Whitechapel Gallery (15 February – 12 May 2024)

 

Review by Sana Nassari

 

Dreams Have No Titles, originally conceived for the French Pavilion at the 59th Venice Biennale in 2022, is a mesmerising, multifaceted art installation that encompasses film, sculpture, photography and performance. Within the gallery spaces, Zineb Sedira recreates a sequence of film sets, based on films made during the 1960s, 70s and 80s across France, Algeria and Italy. It was a significant era in avant-garde and activist filmmaking, particularly notable for Algerian post-independence cinema.

Initially, visitors will find themselves in the ballroom scene from Ettore Scola’s renowned film Le Bal (1983). Intermittently, the ballroom with its bar comes to life in the presence of a tango dancing couple, reminiscent of the dancers in the film, performing as if for an imaginary camera. As they dance, there is a question whether this is cinema, a play or an art performance, showcasing the fluidity of genres that Sedira introduces into her exhibition.
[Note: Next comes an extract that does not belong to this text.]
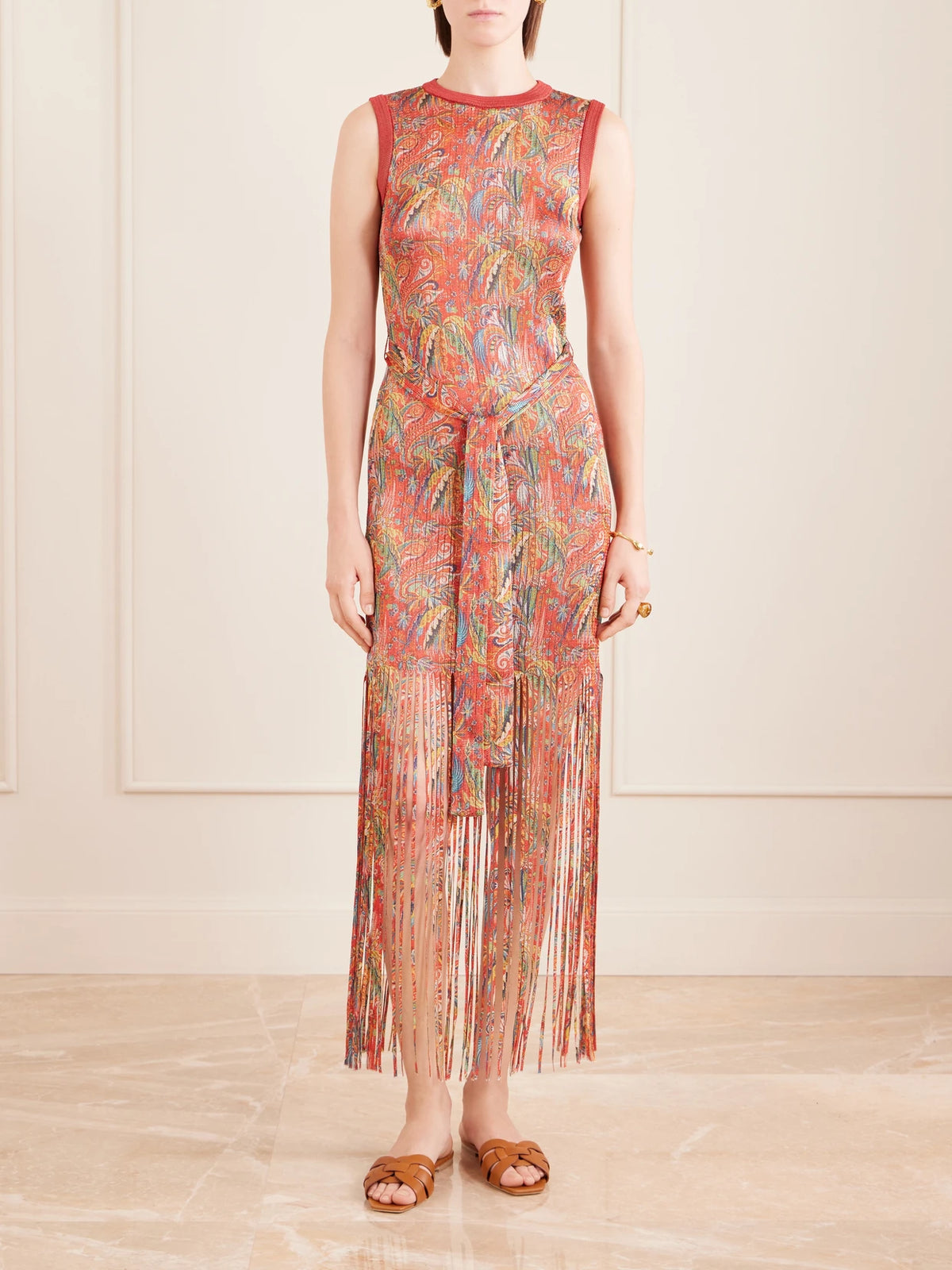 Etro Belted Fringed Jacquard-knit Midi Dress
Surprisingly, the experience felt heightened when I arrived in the bar during a lull in the tango performance (visitors will still witness Sedira’s interpretation of the scene in the final room, presented in a full-scale cinema setting). In the absence of the dancers, the ambiance is made palpable with lingering music and marking tape on the dance floor, signalling an absence. While this absence boldly underscores the actors’ missing presence, it also freezes the scene in time, invoking a sense of nostalgia – memories never fade, especially in nations that have experienced colonialism. Through this film-ballroom-bar installation, Sedira ingeniously evokes the magic of cinema without relying on the medium itself, inviting viewers to engage with the artwork on a deeper level.

Continuing into the exhibition, viewers encounter various film sets, which they will recognise later through screenings in the last room. And also, they will see a doll’s house perched atop silvery flight cases for film equipment, reproducing Sedira’s home living room. 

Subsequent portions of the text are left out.